No allusion was made to our absence when we returned to the others. Gerald was still playing, but he got up as soon as we entered, and strolled over to the window, where he stood beside Owen, looking out.

“There should be white peacocks here,” he murmured idly. “I’ve always longed to live in a house where there were white peacocks. They are the most poetic creatures in the world. They come over the lawn in the moonlight, delightful fowls, and knock with their beaks against the windows to be fed. They love moonlight. They’re extraordinarily morbid and decadent. Their only quite healthy taste is that they want to be fed. Shouldn’t you like them, Miss Dick?”

Miss Dick, to whom all Gerald’s words were pearls of wisdom, listened to these with close attention. “I’ll speak to Mrs. Carroll about them,” she said. “It would be nice to have them.”

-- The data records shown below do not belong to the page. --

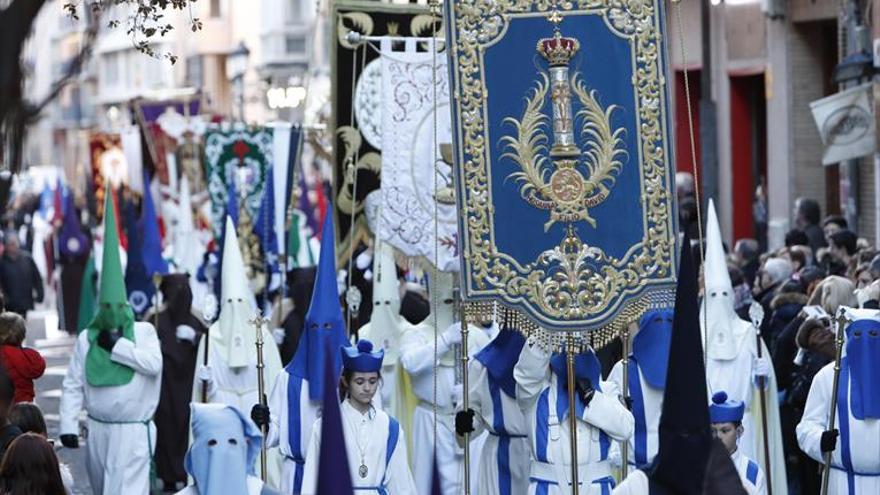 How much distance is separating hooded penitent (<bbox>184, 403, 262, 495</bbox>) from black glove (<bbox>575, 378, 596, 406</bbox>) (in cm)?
201

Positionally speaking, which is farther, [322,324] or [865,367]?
[322,324]

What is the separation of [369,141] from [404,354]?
97.8 inches

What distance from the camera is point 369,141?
54.9ft

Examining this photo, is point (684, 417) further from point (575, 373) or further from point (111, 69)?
point (111, 69)

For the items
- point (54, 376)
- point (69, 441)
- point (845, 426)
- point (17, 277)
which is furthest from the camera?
point (17, 277)

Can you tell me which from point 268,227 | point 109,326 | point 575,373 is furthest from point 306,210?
point 575,373

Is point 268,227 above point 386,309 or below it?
above

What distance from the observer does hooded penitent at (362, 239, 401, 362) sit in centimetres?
1535

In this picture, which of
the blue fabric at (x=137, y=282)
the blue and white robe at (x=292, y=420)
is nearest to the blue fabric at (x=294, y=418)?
the blue and white robe at (x=292, y=420)

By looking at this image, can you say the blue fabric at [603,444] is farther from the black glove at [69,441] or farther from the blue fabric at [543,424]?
the black glove at [69,441]

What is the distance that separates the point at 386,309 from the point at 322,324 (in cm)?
227

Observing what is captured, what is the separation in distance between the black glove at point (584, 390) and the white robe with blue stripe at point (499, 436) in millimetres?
937

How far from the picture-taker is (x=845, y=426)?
12.2 meters

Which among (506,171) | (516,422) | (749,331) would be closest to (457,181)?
(506,171)
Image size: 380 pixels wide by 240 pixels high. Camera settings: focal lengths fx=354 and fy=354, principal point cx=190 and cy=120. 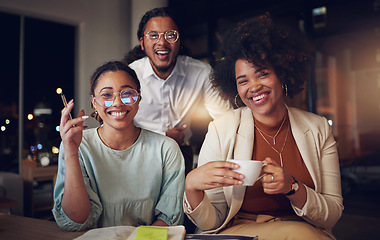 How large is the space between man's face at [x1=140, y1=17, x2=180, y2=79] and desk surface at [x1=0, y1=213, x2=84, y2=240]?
2.26ft

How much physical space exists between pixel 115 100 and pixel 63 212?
0.34m

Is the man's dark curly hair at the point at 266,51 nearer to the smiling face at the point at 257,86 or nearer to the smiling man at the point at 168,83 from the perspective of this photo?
the smiling face at the point at 257,86

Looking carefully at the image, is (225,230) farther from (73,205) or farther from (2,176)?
(2,176)

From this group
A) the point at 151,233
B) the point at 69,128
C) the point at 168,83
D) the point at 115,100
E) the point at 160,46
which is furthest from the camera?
the point at 168,83

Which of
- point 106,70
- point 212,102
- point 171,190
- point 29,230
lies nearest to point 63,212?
point 29,230

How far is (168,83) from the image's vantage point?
4.76 feet

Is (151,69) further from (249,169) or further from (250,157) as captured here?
(249,169)

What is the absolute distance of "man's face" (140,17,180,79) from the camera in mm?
1320

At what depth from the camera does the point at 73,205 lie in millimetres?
933

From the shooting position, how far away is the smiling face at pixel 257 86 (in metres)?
1.05

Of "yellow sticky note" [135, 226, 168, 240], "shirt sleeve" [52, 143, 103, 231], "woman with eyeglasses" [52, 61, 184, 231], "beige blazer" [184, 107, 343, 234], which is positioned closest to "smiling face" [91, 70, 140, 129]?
"woman with eyeglasses" [52, 61, 184, 231]

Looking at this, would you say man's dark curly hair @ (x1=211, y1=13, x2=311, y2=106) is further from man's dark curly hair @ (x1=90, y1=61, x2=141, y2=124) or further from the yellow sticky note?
the yellow sticky note

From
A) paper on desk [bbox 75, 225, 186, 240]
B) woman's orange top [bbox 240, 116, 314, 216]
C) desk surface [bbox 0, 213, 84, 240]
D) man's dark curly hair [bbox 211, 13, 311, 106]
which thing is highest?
man's dark curly hair [bbox 211, 13, 311, 106]

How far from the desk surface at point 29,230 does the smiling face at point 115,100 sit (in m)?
0.33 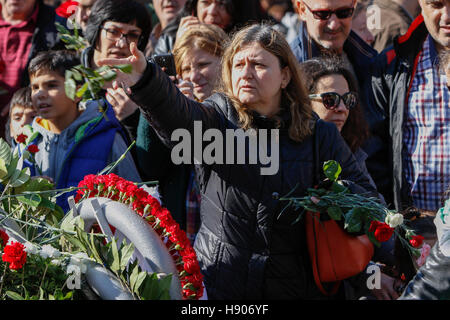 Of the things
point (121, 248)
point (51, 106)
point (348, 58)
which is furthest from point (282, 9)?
point (121, 248)

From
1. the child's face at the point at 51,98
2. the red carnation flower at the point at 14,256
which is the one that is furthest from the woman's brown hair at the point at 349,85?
the red carnation flower at the point at 14,256

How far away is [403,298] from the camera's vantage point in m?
2.24

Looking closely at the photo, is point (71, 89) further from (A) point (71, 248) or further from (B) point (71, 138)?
(B) point (71, 138)

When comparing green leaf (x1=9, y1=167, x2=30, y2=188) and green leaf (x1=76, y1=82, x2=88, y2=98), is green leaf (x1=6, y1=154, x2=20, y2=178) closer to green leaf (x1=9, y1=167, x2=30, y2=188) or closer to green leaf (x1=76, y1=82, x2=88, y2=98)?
green leaf (x1=9, y1=167, x2=30, y2=188)

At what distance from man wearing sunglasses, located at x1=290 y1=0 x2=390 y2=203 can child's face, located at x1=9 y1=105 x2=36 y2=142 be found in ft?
5.14

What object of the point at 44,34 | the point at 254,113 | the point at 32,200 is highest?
the point at 44,34

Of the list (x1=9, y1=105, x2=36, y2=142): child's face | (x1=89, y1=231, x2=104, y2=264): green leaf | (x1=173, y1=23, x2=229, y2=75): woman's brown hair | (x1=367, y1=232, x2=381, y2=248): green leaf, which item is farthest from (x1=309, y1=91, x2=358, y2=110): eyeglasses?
(x1=89, y1=231, x2=104, y2=264): green leaf

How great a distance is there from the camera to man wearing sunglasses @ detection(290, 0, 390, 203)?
13.6 ft

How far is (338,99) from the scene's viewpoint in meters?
3.84

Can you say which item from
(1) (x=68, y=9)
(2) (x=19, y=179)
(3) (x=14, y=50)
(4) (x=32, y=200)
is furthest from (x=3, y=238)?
(3) (x=14, y=50)

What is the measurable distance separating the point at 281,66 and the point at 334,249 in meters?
0.86

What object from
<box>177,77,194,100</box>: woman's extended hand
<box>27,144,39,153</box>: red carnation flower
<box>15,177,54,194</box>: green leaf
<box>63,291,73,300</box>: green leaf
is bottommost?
<box>63,291,73,300</box>: green leaf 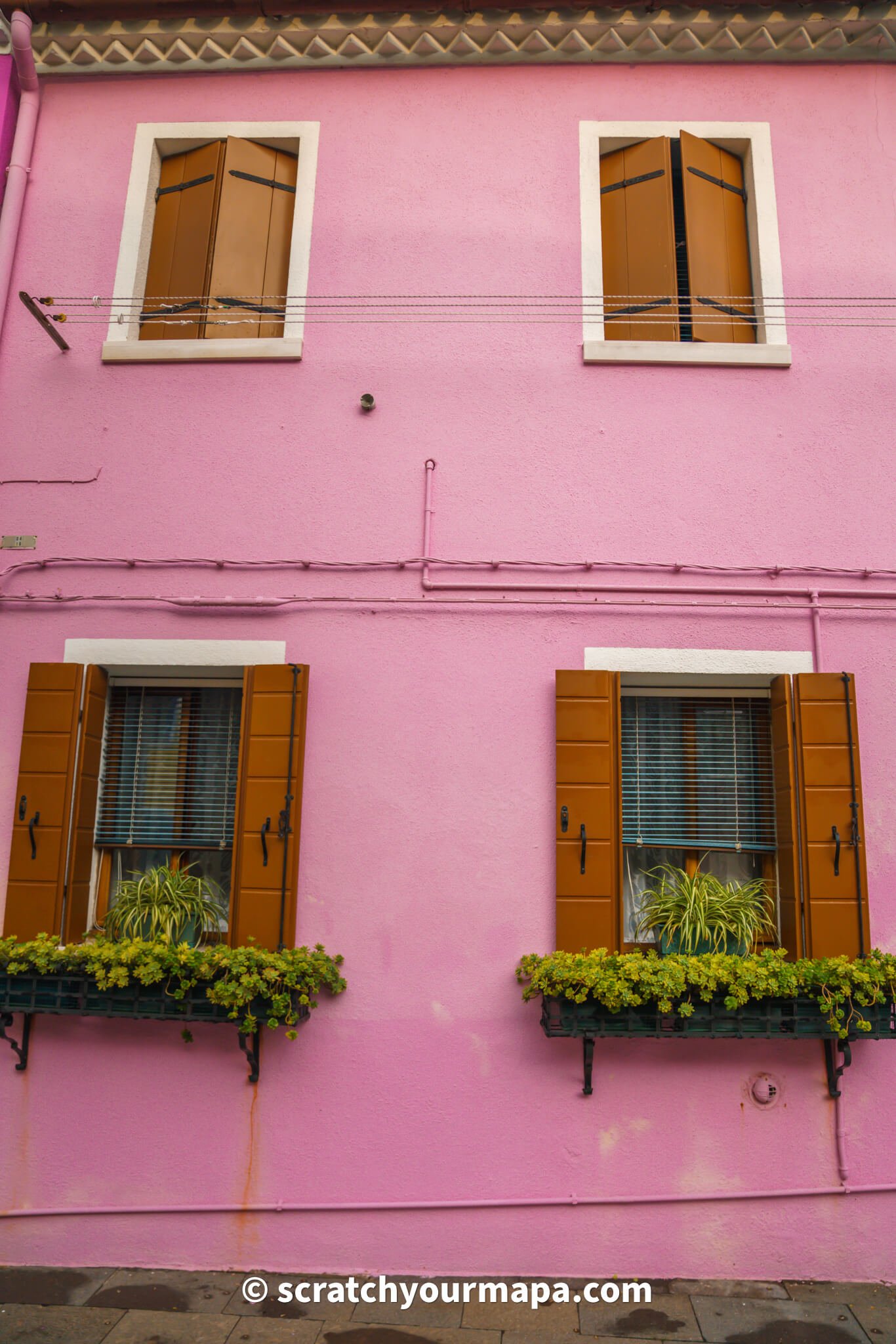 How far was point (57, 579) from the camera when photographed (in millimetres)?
5070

Gerald smiled sweetly, and Owen moved away from him, an expression on his face of mingled contempt and disgust, which, had I not been so miserable, I should have found highly comic. There was nothing, I knew, irritated him more than this kind of talk, which Gerald manufactured with extreme ingenuity, principally for Owen’s benefit. For Owen’s sake he would talk in a world-weary fashion of the “colour” of life, and ever since he had discovered that the word “Philistine” was peculiarly exasperating, it had figured more frequently than any other in his conversation. He dragged it in at every turn, nearly always with absolute irrelevancy. He began to talk of Philistines now, à propos of some concert at which he declared he had been asked to play—a concert he had probably invented for the occasion.

Owen stood with his back against the chimney-piece, his eyes bright, his cheeks red. “There is one class, at any rate, that is a good deal more disgusting than your Philistines—the people who imagine themselves superior to them.”

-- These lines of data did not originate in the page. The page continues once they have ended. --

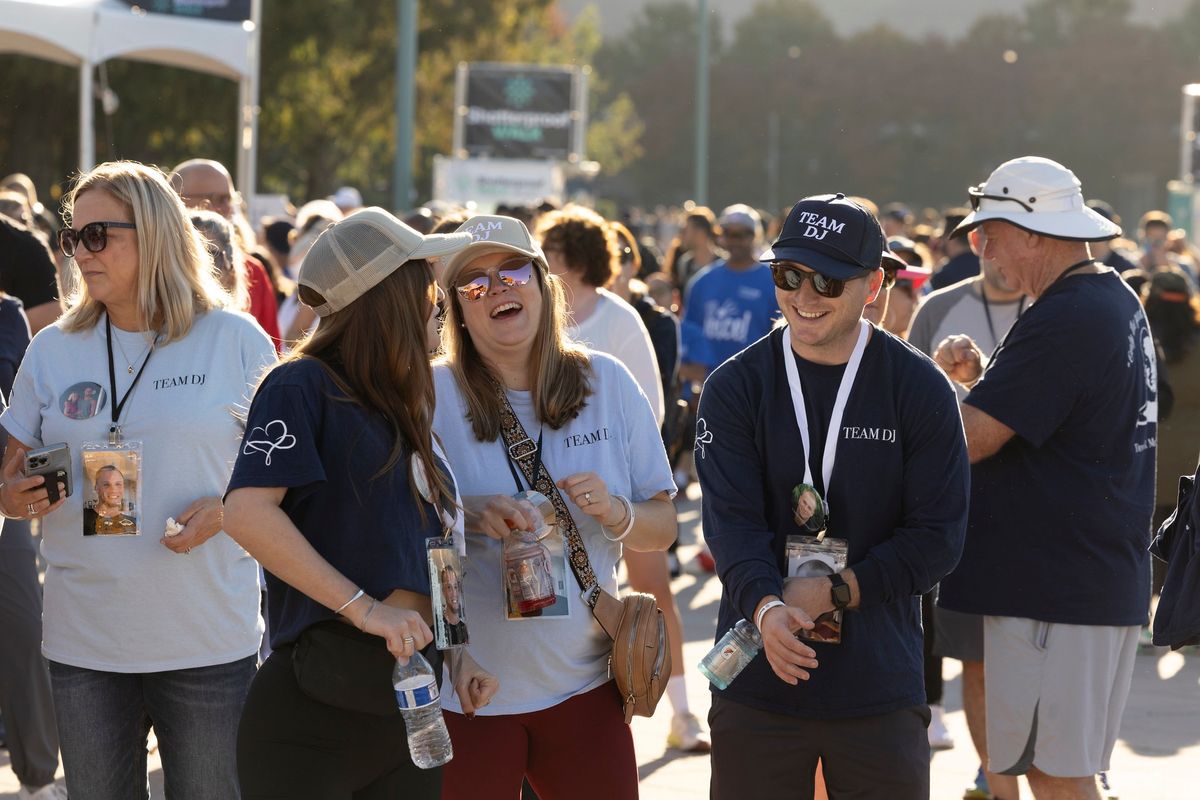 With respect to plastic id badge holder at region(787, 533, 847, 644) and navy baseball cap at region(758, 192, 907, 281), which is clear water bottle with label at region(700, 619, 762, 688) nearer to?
plastic id badge holder at region(787, 533, 847, 644)

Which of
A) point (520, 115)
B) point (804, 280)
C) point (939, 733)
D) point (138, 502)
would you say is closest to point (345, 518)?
point (138, 502)

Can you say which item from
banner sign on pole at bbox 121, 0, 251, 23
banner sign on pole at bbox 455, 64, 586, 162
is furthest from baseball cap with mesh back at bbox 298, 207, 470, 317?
banner sign on pole at bbox 455, 64, 586, 162

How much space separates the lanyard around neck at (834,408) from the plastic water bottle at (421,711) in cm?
100

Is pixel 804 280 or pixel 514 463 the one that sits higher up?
pixel 804 280

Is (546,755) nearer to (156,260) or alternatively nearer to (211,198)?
(156,260)

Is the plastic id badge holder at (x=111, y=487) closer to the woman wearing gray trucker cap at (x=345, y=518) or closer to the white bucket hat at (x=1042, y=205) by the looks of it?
the woman wearing gray trucker cap at (x=345, y=518)

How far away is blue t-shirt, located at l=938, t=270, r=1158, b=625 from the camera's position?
4.29 metres

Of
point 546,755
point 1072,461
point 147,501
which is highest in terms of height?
point 1072,461

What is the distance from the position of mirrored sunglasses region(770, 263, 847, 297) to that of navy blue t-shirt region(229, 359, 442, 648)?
100 cm

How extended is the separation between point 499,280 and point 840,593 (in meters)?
1.12

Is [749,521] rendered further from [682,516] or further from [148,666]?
[682,516]

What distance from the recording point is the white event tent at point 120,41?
551 inches

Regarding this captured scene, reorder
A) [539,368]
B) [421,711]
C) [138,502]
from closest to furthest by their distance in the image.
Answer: [421,711] < [539,368] < [138,502]

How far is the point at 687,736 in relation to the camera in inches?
257
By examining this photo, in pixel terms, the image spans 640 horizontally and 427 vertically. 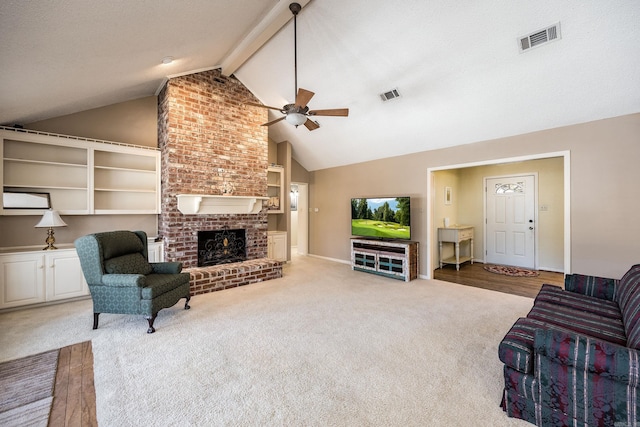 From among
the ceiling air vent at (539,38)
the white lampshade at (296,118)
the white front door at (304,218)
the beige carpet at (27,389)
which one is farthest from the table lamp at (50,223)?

But Gerald could keep perfectly cool. “These people you mention,” he began in his most elaborate manner, “I strongly suspect to be only the commanders of the Philistine hosts—their Tolstoys, their chief-priests and scribes. It is the Philistine who imagines himself superior to other Philistines. This is the one flight his imagination is capable of. The artist may be superior, but that, I think, is not what you mean?”

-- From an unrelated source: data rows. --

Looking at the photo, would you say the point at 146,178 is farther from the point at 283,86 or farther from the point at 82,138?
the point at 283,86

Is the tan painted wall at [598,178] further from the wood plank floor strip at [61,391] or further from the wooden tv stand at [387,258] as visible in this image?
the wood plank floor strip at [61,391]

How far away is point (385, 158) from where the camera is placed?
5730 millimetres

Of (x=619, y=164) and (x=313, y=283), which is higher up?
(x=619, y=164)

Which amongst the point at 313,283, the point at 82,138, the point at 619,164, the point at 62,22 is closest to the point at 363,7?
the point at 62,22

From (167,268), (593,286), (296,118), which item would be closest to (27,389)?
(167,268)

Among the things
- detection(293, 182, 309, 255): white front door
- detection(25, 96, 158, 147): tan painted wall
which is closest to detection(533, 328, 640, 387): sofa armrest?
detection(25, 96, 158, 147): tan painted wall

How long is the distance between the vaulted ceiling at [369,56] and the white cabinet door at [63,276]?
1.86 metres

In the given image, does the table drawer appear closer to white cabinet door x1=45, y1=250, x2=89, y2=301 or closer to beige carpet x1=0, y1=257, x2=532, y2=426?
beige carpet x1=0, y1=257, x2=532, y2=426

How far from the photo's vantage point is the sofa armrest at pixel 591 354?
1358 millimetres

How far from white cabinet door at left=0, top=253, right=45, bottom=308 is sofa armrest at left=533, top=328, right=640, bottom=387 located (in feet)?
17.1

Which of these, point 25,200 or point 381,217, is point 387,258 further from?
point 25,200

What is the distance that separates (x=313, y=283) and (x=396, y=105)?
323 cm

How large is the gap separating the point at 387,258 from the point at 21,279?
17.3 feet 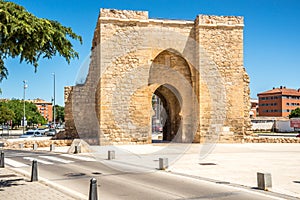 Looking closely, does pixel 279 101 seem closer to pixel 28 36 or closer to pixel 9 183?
pixel 9 183

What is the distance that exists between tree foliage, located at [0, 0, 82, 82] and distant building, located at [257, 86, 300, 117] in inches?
3552

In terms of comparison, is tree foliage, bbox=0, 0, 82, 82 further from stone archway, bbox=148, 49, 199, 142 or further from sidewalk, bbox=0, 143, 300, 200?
stone archway, bbox=148, 49, 199, 142

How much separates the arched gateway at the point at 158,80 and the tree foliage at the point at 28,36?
1353cm

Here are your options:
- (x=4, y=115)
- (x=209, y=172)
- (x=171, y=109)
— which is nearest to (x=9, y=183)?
(x=209, y=172)

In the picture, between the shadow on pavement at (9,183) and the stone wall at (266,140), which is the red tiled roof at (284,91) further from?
the shadow on pavement at (9,183)

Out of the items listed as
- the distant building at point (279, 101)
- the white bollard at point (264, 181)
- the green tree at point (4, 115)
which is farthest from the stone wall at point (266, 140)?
the distant building at point (279, 101)

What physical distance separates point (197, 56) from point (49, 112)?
13252 cm

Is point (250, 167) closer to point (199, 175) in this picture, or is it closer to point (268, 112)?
point (199, 175)

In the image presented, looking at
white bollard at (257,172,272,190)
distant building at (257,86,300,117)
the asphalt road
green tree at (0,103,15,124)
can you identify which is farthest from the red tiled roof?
white bollard at (257,172,272,190)

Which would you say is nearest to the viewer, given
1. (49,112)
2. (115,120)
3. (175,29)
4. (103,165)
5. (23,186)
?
(23,186)

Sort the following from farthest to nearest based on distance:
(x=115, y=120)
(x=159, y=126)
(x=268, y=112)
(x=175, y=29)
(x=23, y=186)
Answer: (x=268, y=112) → (x=159, y=126) → (x=175, y=29) → (x=115, y=120) → (x=23, y=186)

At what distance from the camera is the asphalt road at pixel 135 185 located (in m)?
7.34

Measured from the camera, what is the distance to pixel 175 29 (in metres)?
22.7

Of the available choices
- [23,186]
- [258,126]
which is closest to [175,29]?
[23,186] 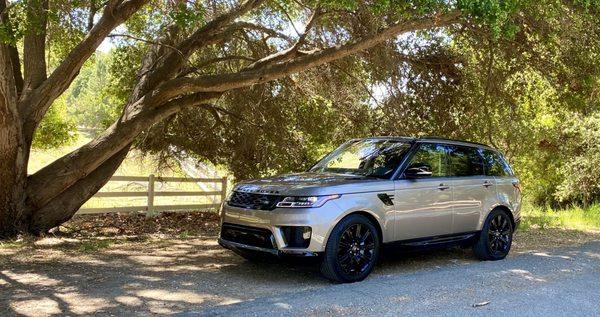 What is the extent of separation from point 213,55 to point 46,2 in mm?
5057

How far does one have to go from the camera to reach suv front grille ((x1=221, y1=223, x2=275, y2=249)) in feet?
22.8

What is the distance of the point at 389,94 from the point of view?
518 inches

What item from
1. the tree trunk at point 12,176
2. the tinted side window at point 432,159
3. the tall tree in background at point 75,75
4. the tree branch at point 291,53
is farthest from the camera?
the tree branch at point 291,53

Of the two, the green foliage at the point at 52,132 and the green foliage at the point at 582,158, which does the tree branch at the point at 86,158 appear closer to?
the green foliage at the point at 52,132

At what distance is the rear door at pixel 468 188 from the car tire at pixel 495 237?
235 millimetres

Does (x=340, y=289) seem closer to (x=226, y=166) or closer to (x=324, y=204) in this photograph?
(x=324, y=204)

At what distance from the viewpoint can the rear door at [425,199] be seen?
304 inches

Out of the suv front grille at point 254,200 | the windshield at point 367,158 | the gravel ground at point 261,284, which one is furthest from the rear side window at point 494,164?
the suv front grille at point 254,200

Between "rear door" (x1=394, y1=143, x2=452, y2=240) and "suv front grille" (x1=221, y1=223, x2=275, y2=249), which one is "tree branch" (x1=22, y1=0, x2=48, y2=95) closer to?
"suv front grille" (x1=221, y1=223, x2=275, y2=249)

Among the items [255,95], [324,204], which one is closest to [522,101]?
[255,95]

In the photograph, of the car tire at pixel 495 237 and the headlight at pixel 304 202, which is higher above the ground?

“You’re right,” said Owen, fiercely, “it’s not what I mean. And I suppose you are an artist?”

“My dear Gill, it is apparent.”

“I’m not your dear Gill,” said Owen, who had lost his temper.

“Shut up, Owen,” I interrupted. “What’s the use of taking everything so seriously?”

“Because everything is serious. You may say a lot of chatter about white peacocks and Philistines doesn’t mean anything if you like, but it does. It is a mask for other things that are real enough—for selfishness, and immorality.”

We all gazed at him in silence, almost open-mouthed, Gerald with a faint smile on his handsome face. Miss Dick alone found it incumbent upon her to say something, and she remarked that the Charity Organization Committee to which she belonged had been able to do a great deal, and that the lecture with lime-light views had brought in over three pounds—she meant even after all expenses had been paid.

These observations could not fill up the breach. Nobody, indeed, took any notice of them. Katherine had laid down her work, and her eyes were fixed on Owen’s angry face, with, I thought, an expression of admiration and sympathy.

“What has morality to do with art?” Gerald asked calmly. “Peter supports you because he is not an artist, but only a person of taste, who likes to listen to my playing. I am an artist, and I know. You not being even a person of—I beg your pardon—you being a person of different tastes from Peter, and uninterested in art, naturally are at a disadvantage when you discuss it. I do not mean that rudely; I say it merely in self-defence. Is anyone coming down in the direction of the station?”

He went out, but nobody offered to accompany him.